Des données sur les retombées de l’achat local
Photo: Valérian Mazataud archives Le Devoir Parmi les neufs articles certifiés par Les Produits du Québec sélectionnés par la firme qui a mené l’étude se trouve un t-shirt Poches & fils.
Roxane Léouzon
23 janvier 2024
Économie
Entre deux t-shirts similaires, dont l’un est fait au Québec et l’autre est importé, lequel est le meilleur pour l’économie du Québec et pour l’environnement ? Une étude se penchant sur neuf produits détenant une certification québécoise chiffre pour la première fois l’ampleur des avantages de l’achat local.
Tout le monde se doute qu’acheter local est plus vertueux, estime Elfi Morin, directrice générale de l’organisme Les Produits du Québec. « Mais quand on a voulu documenter ça ou chercher des données, on a rapidement constaté qu’il n’y en avait pas vraiment », souligne-t-elle.
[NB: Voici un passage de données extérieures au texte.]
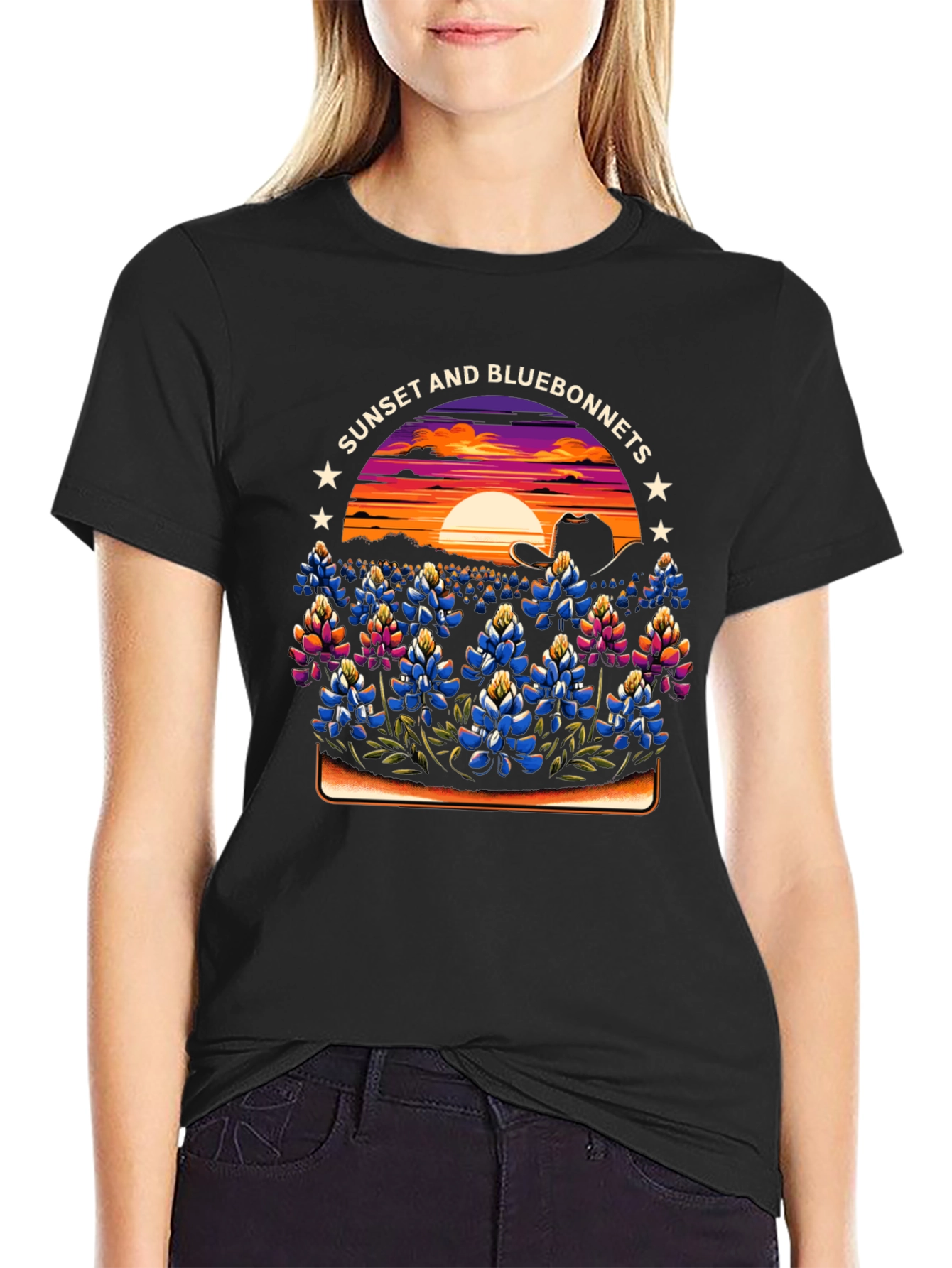 Sunset Bluebonnet Tee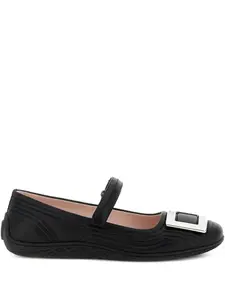 Балетки с пряжками Roger Vivier, черный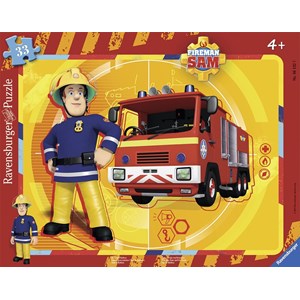 Ravensburger (06132) - "Sam the Fireman" - 35 brikker puslespil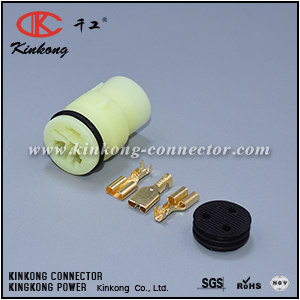 CKK7037B-6.3-21 3 Way Female White Automotive Connector 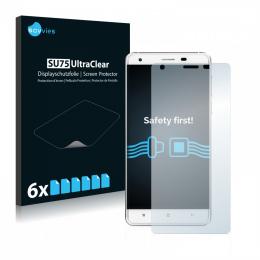 6x SU75 UltraClear Screen Protector Oukitel K6000 Pro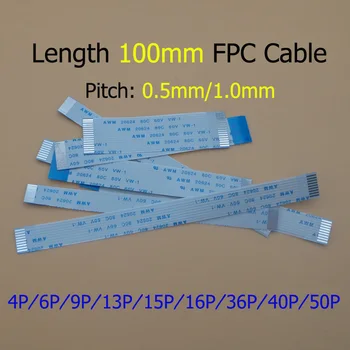 

2pcs New Type A B 10cm 100mm FFC FPC 0.5 1.0 pitch Flat Ribbon Flex Cable Power Button 4p 6p 9p 13p 15p 16p 36p 40p 50p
Elle a donc mandaté la firme d’analyses économiques AppEco pour se pencher sur la question. Deux de ses économistes ont comparé neuf produits certifiés par Les Produits du Québec — dont un t-shirt Poches & fils, une pelle à litière Noba Animal, du papier hygiénique Cascades et un soutien-gorge La vie en rose — avec chacun deux produits importés similaires. Ils ont fait bien attention à sélectionner des biens considérés comme étant de qualité équivalente, tant en ce qui a trait aux matériaux utilisés qu’à leur fonction et à leur durée de vie.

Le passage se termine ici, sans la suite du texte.